Para que tudo corra bem é essencial que a pessoa, ou o grupo de pessoas, saiba gerir os seus trabalhos e a sua vida de forma eficiente e um dos princípios desta eficiência é sempre saber distinguir o essencial do acessório. Como se pode entender consultando o esquema resumido apresentado em anexo.
Assim aplicando este princípio há que ter a noção das causas essenciais da crise que sofremos nestas últimas décadas e conseguir realizar os actos necessários para inverter o rumo catastrófico que temos vindo a percorrer.
Em Setembro de 2013 publiquei um artigo sobre a reforma do Estado, mas dada a situação actual não resisti a voltar a este tema, embora mais resumidamente.
Houve muito dinheiro fácil desde subsídios europeus para o nosso desenvolvimento que foram muito mal utilizados até financiamentos com juros baixos, quer para o Estado quer para as empresas e para os cidadãos, que foram aplicados em consumo e investimentos impróprios em vez de contribuírem para aumentar a nossa competitividade. Foram cerca de 300 000 milhões de euros que entraram mas o PIB nacional foi pouco afectado como deveria ter sido. E curiosamente durante as décadas em que isto aconteceu nenhum dos dois partidos, PS e PSD, que lideraram alternadamente a governação do País, deu sinal de desacordo ou de tentativas de correcção, até estarmos à beira da bancarrota.
E na tradição do século XIX, de triste memória, sempre tentando atribuir as culpas a outros…
A que se deve acrescentar o pouco interesse da nossa comunicação social por estes temas. Porque terá sido?
E além disto verificou-se o desenvolvimento de uma estrutura do Estado com elevado valor de despesa não produtiva, praticamente em todos os Órgãos de Soberania e nas Autarquias, que obviamente não possibilita diminuir o défice e portanto o pagamento das dívidas e ainda por cima com uma actuação governativa que dificulta o desenvolvimento económico e social.
Portanto para se realizar este objectivo, isto é, corrigir este rumo para outro de desenvolvimento e independência, julgo ser essencial realizar estes três planos de actividade, obviamente aplicando com todo o rigor os princípios da gestão eficiente:

1º A reforma do Estado, sem o que não conseguiremos pagar a dívida e aumentar o desenvolvimento e a sustentabilidade.

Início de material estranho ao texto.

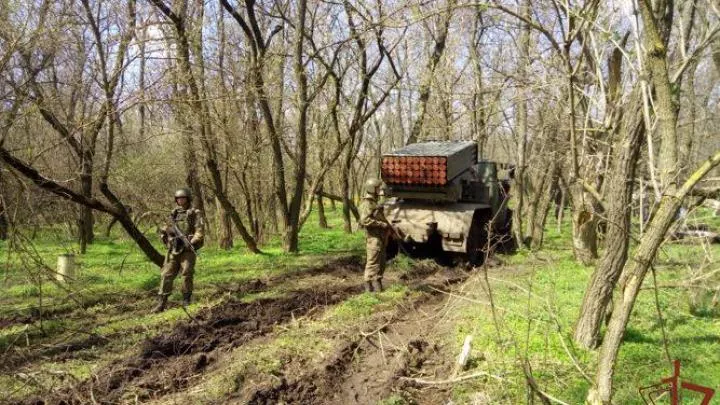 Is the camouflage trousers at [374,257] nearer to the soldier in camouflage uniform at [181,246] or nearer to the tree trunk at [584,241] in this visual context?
the soldier in camouflage uniform at [181,246]

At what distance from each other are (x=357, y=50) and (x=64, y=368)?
37.0ft

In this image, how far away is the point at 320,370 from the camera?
544 cm

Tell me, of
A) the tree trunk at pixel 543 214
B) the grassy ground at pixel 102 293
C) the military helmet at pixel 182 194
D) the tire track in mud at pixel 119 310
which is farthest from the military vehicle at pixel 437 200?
the military helmet at pixel 182 194

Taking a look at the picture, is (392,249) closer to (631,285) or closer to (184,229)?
(184,229)

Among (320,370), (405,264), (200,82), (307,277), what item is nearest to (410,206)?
(405,264)

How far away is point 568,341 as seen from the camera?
5953 mm

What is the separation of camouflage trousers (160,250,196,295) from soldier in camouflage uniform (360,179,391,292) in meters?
2.68

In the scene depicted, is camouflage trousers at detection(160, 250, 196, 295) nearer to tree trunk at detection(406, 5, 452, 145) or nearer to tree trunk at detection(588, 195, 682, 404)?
tree trunk at detection(588, 195, 682, 404)

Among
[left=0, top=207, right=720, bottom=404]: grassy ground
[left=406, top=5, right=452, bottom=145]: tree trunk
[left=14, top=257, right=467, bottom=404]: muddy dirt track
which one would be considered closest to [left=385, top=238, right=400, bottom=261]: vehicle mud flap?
[left=0, top=207, right=720, bottom=404]: grassy ground

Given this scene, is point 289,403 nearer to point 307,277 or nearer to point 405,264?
point 307,277

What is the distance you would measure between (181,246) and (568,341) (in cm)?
546

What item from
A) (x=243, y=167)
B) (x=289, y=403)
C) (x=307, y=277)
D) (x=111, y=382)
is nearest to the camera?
(x=289, y=403)

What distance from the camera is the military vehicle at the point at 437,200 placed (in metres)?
10.3

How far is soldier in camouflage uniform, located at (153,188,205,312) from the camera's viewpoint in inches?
319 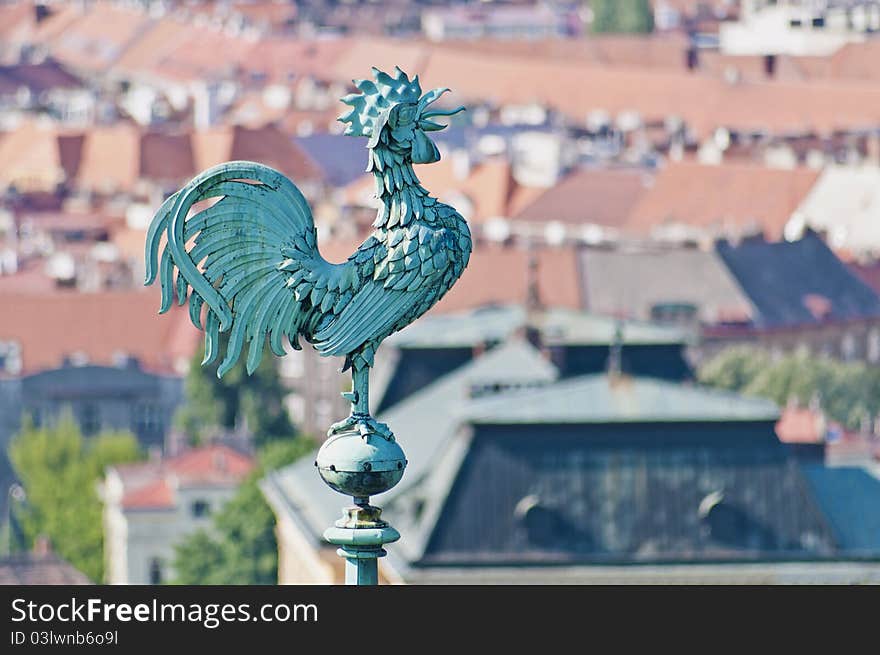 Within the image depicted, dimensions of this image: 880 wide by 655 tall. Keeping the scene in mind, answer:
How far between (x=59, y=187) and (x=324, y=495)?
113 m

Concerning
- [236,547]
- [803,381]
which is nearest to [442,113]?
[236,547]

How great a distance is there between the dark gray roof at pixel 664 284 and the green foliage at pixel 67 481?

2º Recuperar a independência perdida mesmo que façamos parte duns Estados Unidos da Europa, única solução para a sustentabilidade dos europeus, o que significa ter sob o controle nacional, seja privado ou estatal, as principais actividades de que depende a nossa independência.

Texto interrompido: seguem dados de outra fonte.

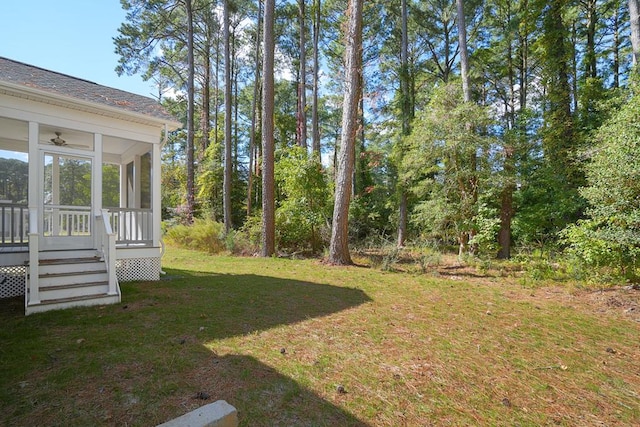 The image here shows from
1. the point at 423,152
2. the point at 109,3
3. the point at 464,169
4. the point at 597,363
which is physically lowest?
the point at 597,363

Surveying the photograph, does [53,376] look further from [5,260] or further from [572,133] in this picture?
[572,133]

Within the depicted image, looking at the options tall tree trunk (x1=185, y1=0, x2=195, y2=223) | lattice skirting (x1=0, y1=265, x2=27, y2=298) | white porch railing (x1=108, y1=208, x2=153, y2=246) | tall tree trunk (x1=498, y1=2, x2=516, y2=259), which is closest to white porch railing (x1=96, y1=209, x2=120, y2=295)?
white porch railing (x1=108, y1=208, x2=153, y2=246)

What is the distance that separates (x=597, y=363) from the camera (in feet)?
10.3

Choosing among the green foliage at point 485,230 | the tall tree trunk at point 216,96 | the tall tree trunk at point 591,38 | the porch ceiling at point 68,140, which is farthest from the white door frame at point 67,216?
the tall tree trunk at point 591,38

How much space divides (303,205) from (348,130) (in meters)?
3.85

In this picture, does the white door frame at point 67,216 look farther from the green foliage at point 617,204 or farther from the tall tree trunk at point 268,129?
the green foliage at point 617,204

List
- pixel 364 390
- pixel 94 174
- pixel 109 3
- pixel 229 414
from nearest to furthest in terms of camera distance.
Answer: pixel 229 414, pixel 364 390, pixel 94 174, pixel 109 3

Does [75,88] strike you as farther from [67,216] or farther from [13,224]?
[13,224]

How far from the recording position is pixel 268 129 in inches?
420

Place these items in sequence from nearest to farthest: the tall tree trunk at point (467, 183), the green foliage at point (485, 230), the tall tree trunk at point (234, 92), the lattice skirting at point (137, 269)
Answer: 1. the lattice skirting at point (137, 269)
2. the green foliage at point (485, 230)
3. the tall tree trunk at point (467, 183)
4. the tall tree trunk at point (234, 92)

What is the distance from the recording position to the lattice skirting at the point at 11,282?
547 centimetres

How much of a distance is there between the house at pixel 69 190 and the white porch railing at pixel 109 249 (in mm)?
18

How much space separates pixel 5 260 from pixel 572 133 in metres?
16.2

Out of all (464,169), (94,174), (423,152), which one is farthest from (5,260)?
(464,169) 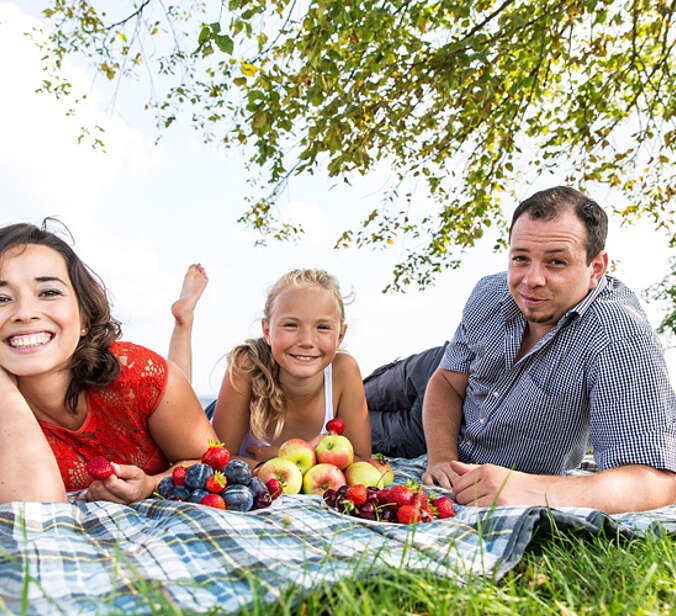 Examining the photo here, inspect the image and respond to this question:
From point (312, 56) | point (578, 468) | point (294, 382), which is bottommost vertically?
point (578, 468)

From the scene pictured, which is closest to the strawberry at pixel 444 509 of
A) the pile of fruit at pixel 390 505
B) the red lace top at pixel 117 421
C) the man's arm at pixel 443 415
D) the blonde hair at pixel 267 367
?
the pile of fruit at pixel 390 505

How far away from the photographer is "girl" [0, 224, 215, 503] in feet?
8.43

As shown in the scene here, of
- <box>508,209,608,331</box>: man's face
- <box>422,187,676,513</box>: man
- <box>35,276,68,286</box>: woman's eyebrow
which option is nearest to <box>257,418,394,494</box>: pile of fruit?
<box>422,187,676,513</box>: man

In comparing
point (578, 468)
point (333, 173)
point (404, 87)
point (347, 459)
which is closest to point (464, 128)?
point (404, 87)

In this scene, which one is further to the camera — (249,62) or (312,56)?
(249,62)

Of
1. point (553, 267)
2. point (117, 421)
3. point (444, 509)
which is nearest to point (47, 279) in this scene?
point (117, 421)

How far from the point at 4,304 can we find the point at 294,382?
6.13ft

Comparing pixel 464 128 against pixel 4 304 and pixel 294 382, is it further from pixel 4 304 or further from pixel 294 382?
pixel 4 304

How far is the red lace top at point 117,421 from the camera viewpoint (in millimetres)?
2947

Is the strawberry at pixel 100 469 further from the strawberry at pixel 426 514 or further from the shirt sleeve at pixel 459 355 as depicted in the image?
the shirt sleeve at pixel 459 355

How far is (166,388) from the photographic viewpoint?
3.00 meters

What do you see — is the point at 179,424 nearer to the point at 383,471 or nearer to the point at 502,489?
the point at 383,471

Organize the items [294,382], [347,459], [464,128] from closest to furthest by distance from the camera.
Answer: [347,459], [294,382], [464,128]

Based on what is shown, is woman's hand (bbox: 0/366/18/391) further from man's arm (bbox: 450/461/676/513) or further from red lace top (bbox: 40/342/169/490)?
man's arm (bbox: 450/461/676/513) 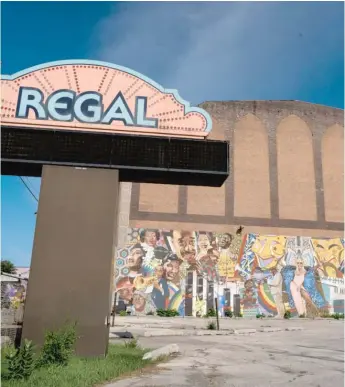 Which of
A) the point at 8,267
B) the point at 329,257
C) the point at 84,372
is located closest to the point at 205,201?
the point at 329,257

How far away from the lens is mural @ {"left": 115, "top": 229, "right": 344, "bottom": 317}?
106 ft

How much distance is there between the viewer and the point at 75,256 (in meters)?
10.1

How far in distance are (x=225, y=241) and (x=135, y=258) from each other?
793 cm

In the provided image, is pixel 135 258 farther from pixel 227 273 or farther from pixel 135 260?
pixel 227 273

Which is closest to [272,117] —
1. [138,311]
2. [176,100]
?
[138,311]

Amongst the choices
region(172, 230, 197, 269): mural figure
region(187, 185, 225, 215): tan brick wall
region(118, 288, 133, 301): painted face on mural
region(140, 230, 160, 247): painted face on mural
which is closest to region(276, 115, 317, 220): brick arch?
region(187, 185, 225, 215): tan brick wall

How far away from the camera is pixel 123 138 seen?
35.9 ft

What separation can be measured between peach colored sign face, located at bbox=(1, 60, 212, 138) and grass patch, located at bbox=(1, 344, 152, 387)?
19.4ft

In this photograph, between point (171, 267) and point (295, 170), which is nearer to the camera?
point (171, 267)

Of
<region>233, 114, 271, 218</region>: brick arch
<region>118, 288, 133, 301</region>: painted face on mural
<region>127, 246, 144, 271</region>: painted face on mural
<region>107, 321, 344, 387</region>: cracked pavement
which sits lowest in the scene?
<region>107, 321, 344, 387</region>: cracked pavement

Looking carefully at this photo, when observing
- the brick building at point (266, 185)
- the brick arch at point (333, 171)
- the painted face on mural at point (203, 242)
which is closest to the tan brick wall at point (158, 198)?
the brick building at point (266, 185)

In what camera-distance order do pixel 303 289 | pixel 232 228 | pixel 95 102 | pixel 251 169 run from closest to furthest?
pixel 95 102 < pixel 303 289 < pixel 232 228 < pixel 251 169

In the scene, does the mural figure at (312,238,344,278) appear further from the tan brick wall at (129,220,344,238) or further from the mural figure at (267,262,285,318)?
the mural figure at (267,262,285,318)

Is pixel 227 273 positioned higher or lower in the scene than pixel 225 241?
lower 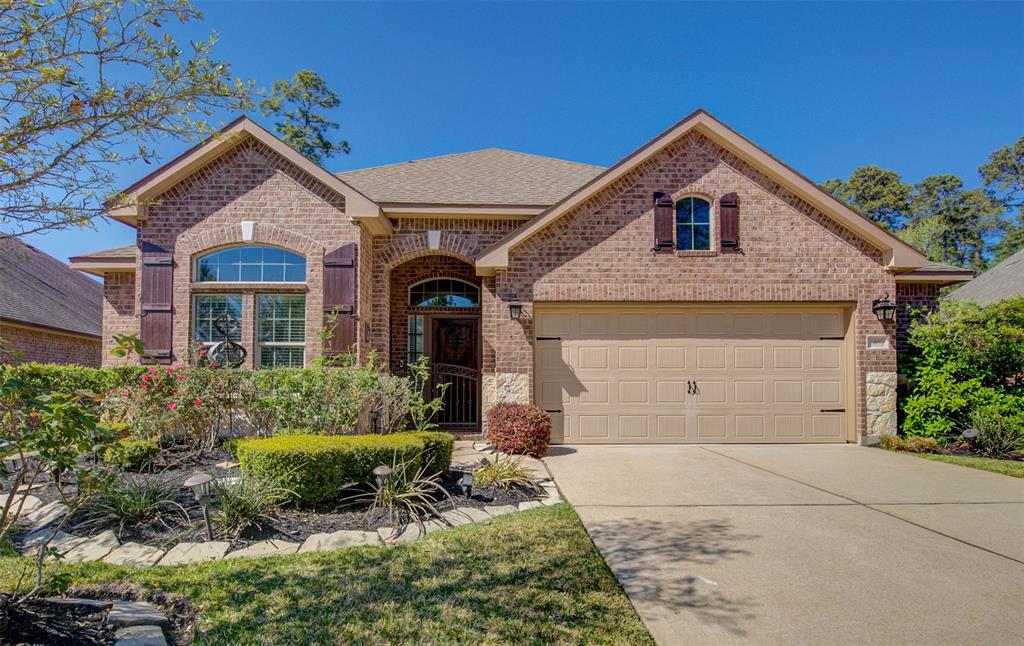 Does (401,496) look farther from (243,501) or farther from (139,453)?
(139,453)

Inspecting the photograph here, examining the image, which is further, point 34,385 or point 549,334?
point 549,334

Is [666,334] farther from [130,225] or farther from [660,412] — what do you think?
[130,225]

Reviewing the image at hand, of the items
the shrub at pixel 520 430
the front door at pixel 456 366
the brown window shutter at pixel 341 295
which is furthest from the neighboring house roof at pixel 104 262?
the shrub at pixel 520 430

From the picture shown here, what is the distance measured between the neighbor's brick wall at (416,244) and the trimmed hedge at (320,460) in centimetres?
456

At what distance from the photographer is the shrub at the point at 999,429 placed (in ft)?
27.5

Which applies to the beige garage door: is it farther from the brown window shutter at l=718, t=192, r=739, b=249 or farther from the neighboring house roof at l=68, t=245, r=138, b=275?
the neighboring house roof at l=68, t=245, r=138, b=275

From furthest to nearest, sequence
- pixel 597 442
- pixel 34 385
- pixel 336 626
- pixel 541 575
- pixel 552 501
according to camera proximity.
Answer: pixel 597 442 → pixel 552 501 → pixel 541 575 → pixel 336 626 → pixel 34 385

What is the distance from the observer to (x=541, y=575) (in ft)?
12.0

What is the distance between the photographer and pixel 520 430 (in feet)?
25.8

3º A recuperação da Marinha, como conjunto da Armada e das Marinhas de Comércio, de Pescas e de Recreio, não só por razões de segurança e de economia mas principalmente para recuperarmos a actividade nacional que mais contribuiu para fundar a nossa independência e a nossa posição no mundo.

Temos agora uma oportunidade excelente de o próximo Governo e o próximo Presidente da República cortarem os custos excessivos das suas despesas operacionais e realizarem as reformas estruturais que os anteriores não quiseram ou não conseguiram concretizar.